**Work instructions:** The listing is to be reproduced exactly, excluding its pictures.

**Provided material:**
►

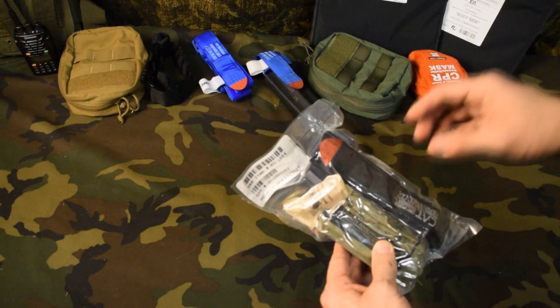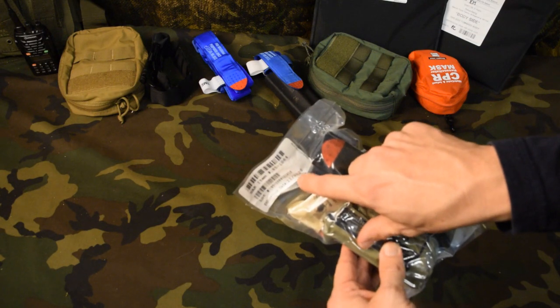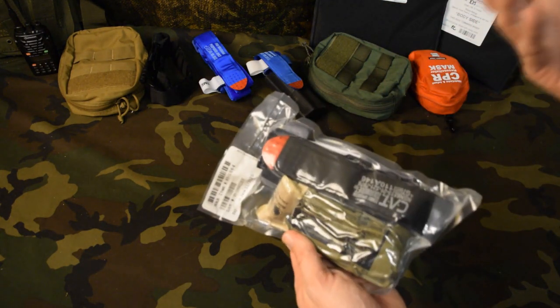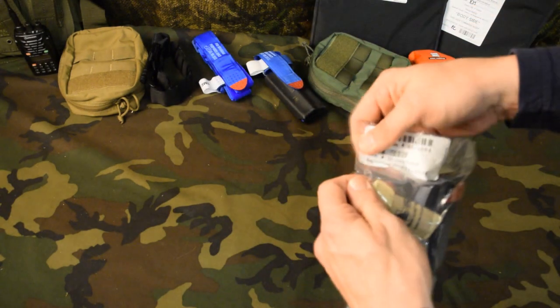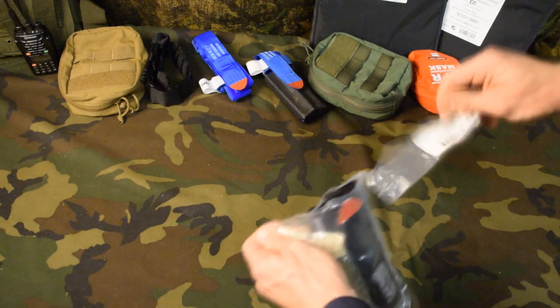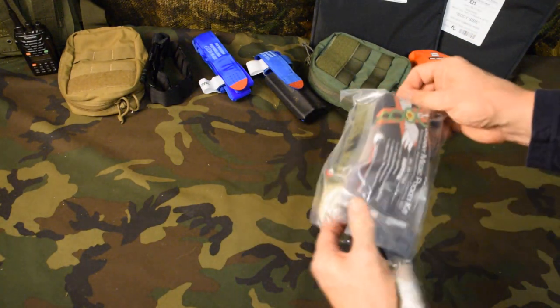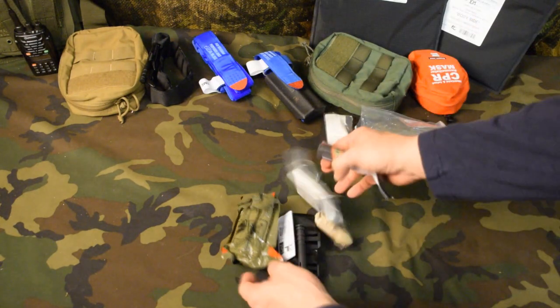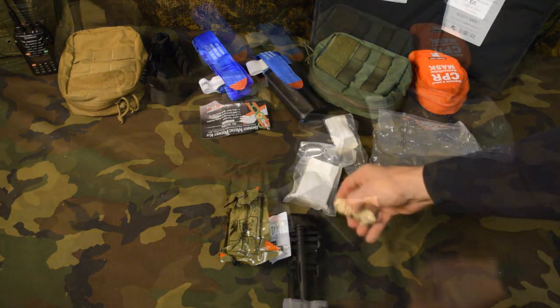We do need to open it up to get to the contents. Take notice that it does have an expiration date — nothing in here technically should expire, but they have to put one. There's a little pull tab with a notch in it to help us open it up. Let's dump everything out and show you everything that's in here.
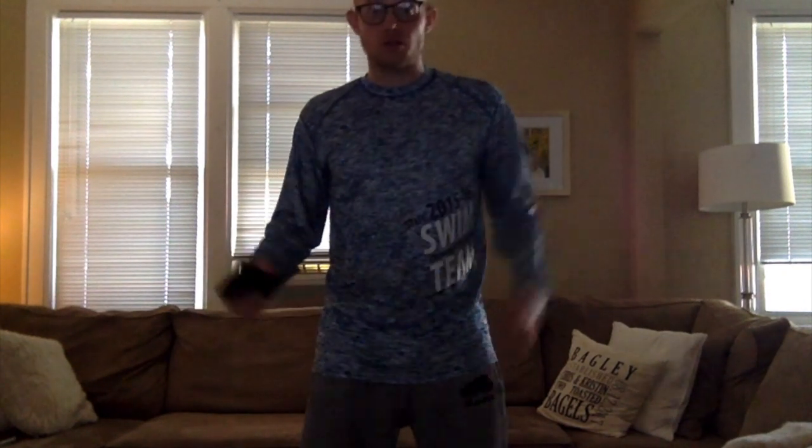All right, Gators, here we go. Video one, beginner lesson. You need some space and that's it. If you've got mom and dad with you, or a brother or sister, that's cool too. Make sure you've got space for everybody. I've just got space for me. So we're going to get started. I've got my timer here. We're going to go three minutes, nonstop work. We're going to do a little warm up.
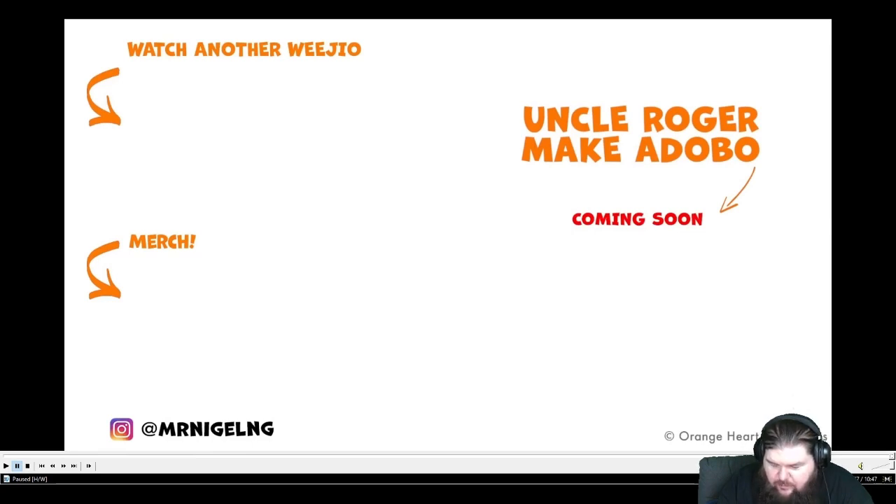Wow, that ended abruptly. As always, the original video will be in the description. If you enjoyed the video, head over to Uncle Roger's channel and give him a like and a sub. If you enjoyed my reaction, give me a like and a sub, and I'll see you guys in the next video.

◄

**Answer section:**
We do need to open it up to get to the contents. Take notice that it does have an expiration date — nothing in here technically should expire, but they have to put one. There's a little pull tab with a notch in it to help us open it up. Let's dump everything out and show you everything that's in here.
All right, Gators, here we go. Video one, beginner lesson. You need some space and that's it. If you've got mom and dad with you, or a brother or sister, that's cool too. Make sure you've got space for everybody. I've just got space for me. So we're going to get started. I've got my timer here. We're going to go three minutes, nonstop work. We're going to do a little warm up.
Wow, that ended abruptly. As always, the original video will be in the description. If you enjoyed the video, head over to Uncle Roger's channel and give him a like and a sub. If you enjoyed my reaction, give me a like and a sub, and I'll see you guys in the next video.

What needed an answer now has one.